** Assigned task **
Each line of the data should be duplicated precisely.

** Data to use **
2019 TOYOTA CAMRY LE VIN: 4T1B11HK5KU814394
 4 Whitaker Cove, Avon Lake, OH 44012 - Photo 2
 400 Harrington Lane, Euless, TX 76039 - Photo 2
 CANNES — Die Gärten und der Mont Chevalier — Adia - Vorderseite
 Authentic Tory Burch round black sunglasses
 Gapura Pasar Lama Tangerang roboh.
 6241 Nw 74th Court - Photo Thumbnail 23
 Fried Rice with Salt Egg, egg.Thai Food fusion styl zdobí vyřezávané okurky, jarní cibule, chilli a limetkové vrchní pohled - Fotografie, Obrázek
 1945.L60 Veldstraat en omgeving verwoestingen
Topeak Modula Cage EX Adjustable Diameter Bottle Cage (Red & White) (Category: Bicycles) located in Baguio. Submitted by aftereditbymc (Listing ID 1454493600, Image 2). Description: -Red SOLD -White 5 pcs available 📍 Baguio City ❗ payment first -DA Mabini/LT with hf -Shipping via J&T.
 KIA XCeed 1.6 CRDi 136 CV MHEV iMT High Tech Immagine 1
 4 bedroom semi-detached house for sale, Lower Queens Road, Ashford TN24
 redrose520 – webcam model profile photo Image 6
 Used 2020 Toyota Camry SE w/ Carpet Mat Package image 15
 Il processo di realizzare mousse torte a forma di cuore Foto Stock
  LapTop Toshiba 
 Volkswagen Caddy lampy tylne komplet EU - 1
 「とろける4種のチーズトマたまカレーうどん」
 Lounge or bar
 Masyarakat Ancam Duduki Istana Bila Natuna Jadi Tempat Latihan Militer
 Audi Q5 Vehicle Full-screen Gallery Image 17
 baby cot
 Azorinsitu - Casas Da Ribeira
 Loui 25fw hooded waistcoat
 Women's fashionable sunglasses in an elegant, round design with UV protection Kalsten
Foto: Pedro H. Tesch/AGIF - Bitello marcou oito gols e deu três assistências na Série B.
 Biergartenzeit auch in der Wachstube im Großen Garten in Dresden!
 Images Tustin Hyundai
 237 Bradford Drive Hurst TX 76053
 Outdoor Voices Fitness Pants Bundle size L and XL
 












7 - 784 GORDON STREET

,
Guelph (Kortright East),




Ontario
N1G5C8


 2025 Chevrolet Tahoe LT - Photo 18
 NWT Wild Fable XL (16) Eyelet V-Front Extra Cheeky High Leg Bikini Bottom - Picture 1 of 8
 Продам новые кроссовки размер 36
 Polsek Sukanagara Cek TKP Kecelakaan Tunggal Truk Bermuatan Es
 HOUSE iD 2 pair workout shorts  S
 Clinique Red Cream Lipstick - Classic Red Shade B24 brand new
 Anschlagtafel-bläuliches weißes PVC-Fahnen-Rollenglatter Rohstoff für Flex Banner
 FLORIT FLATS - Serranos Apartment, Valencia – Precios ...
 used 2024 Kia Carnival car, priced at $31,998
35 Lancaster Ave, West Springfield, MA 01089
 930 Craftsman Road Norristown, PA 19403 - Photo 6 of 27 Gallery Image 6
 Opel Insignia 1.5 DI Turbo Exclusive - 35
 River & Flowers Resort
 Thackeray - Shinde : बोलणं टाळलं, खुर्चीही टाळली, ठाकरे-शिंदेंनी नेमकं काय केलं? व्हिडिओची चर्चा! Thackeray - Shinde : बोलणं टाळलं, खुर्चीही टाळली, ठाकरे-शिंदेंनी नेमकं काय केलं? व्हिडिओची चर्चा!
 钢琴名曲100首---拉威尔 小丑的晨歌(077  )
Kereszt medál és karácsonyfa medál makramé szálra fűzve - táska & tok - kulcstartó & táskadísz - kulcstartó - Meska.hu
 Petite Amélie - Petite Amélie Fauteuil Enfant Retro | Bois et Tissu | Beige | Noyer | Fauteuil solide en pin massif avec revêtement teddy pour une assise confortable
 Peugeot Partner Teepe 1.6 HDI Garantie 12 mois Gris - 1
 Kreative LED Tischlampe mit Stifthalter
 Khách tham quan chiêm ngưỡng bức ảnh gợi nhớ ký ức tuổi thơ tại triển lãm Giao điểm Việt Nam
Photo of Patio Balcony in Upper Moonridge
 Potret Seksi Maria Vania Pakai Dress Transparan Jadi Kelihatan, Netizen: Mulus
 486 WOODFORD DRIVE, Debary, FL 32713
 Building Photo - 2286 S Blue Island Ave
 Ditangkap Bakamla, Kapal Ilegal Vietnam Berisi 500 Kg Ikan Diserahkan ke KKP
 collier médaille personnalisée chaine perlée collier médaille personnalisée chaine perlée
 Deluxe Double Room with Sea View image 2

** Exercise answer **
2019 TOYOTA CAMRY LE VIN: 4T1B11HK5KU814394
 4 Whitaker Cove, Avon Lake, OH 44012 - Photo 2
 400 Harrington Lane, Euless, TX 76039 - Photo 2
 CANNES — Die Gärten und der Mont Chevalier — Adia - Vorderseite
 Authentic Tory Burch round black sunglasses
 Gapura Pasar Lama Tangerang roboh.
 6241 Nw 74th Court - Photo Thumbnail 23
 Fried Rice with Salt Egg, egg.Thai Food fusion styl zdobí vyřezávané okurky, jarní cibule, chilli a limetkové vrchní pohled - Fotografie, Obrázek
 1945.L60 Veldstraat en omgeving verwoestingen
Topeak Modula Cage EX Adjustable Diameter Bottle Cage (Red & White) (Category: Bicycles) located in Baguio. Submitted by aftereditbymc (Listing ID 1454493600, Image 2). Description: -Red SOLD -White 5 pcs available 📍 Baguio City ❗ payment first -DA Mabini/LT with hf -Shipping via J&T.
 KIA XCeed 1.6 CRDi 136 CV MHEV iMT High Tech Immagine 1
 4 bedroom semi-detached house for sale, Lower Queens Road, Ashford TN24
 redrose520 – webcam model profile photo Image 6
 Used 2020 Toyota Camry SE w/ Carpet Mat Package image 15
 Il processo di realizzare mousse torte a forma di cuore Foto Stock
  LapTop Toshiba 
 Volkswagen Caddy lampy tylne komplet EU - 1
 「とろける4種のチーズトマたまカレーうどん」
 Lounge or bar
 Masyarakat Ancam Duduki Istana Bila Natuna Jadi Tempat Latihan Militer
 Audi Q5 Vehicle Full-screen Gallery Image 17
 baby cot
 Azorinsitu - Casas Da Ribeira
 Loui 25fw hooded waistcoat
 Women's fashionable sunglasses in an elegant, round design with UV protection Kalsten
Foto: Pedro H. Tesch/AGIF - Bitello marcou oito gols e deu três assistências na Série B.
 Biergartenzeit auch in der Wachstube im Großen Garten in Dresden!
 Images Tustin Hyundai
 237 Bradford Drive Hurst TX 76053
 Outdoor Voices Fitness Pants Bundle size L and XL
 












7 - 784 GORDON STREET

,
Guelph (Kortright East),




Ontario
N1G5C8


 2025 Chevrolet Tahoe LT - Photo 18
 NWT Wild Fable XL (16) Eyelet V-Front Extra Cheeky High Leg Bikini Bottom - Picture 1 of 8
 Продам новые кроссовки размер 36
 Polsek Sukanagara Cek TKP Kecelakaan Tunggal Truk Bermuatan Es
 HOUSE iD 2 pair workout shorts  S
 Clinique Red Cream Lipstick - Classic Red Shade B24 brand new
 Anschlagtafel-bläuliches weißes PVC-Fahnen-Rollenglatter Rohstoff für Flex Banner
 FLORIT FLATS - Serranos Apartment, Valencia – Precios ...
 used 2024 Kia Carnival car, priced at $31,998
35 Lancaster Ave, West Springfield, MA 01089
 930 Craftsman Road Norristown, PA 19403 - Photo 6 of 27 Gallery Image 6
 Opel Insignia 1.5 DI Turbo Exclusive - 35
 River & Flowers Resort
 Thackeray - Shinde : बोलणं टाळलं, खुर्चीही टाळली, ठाकरे-शिंदेंनी नेमकं काय केलं? व्हिडिओची चर्चा! Thackeray - Shinde : बोलणं टाळलं, खुर्चीही टाळली, ठाकरे-शिंदेंनी नेमकं काय केलं? व्हिडिओची चर्चा!
 钢琴名曲100首---拉威尔 小丑的晨歌(077  )
Kereszt medál és karácsonyfa medál makramé szálra fűzve - táska & tok - kulcstartó & táskadísz - kulcstartó - Meska.hu
 Petite Amélie - Petite Amélie Fauteuil Enfant Retro | Bois et Tissu | Beige | Noyer | Fauteuil solide en pin massif avec revêtement teddy pour une assise confortable
 Peugeot Partner Teepe 1.6 HDI Garantie 12 mois Gris - 1
 Kreative LED Tischlampe mit Stifthalter
 Khách tham quan chiêm ngưỡng bức ảnh gợi nhớ ký ức tuổi thơ tại triển lãm Giao điểm Việt Nam
Photo of Patio Balcony in Upper Moonridge
 Potret Seksi Maria Vania Pakai Dress Transparan Jadi Kelihatan, Netizen: Mulus
 486 WOODFORD DRIVE, Debary, FL 32713
 Building Photo - 2286 S Blue Island Ave
 Ditangkap Bakamla, Kapal Ilegal Vietnam Berisi 500 Kg Ikan Diserahkan ke KKP
 collier médaille personnalisée chaine perlée collier médaille personnalisée chaine perlée
 Deluxe Double Room with Sea View image 2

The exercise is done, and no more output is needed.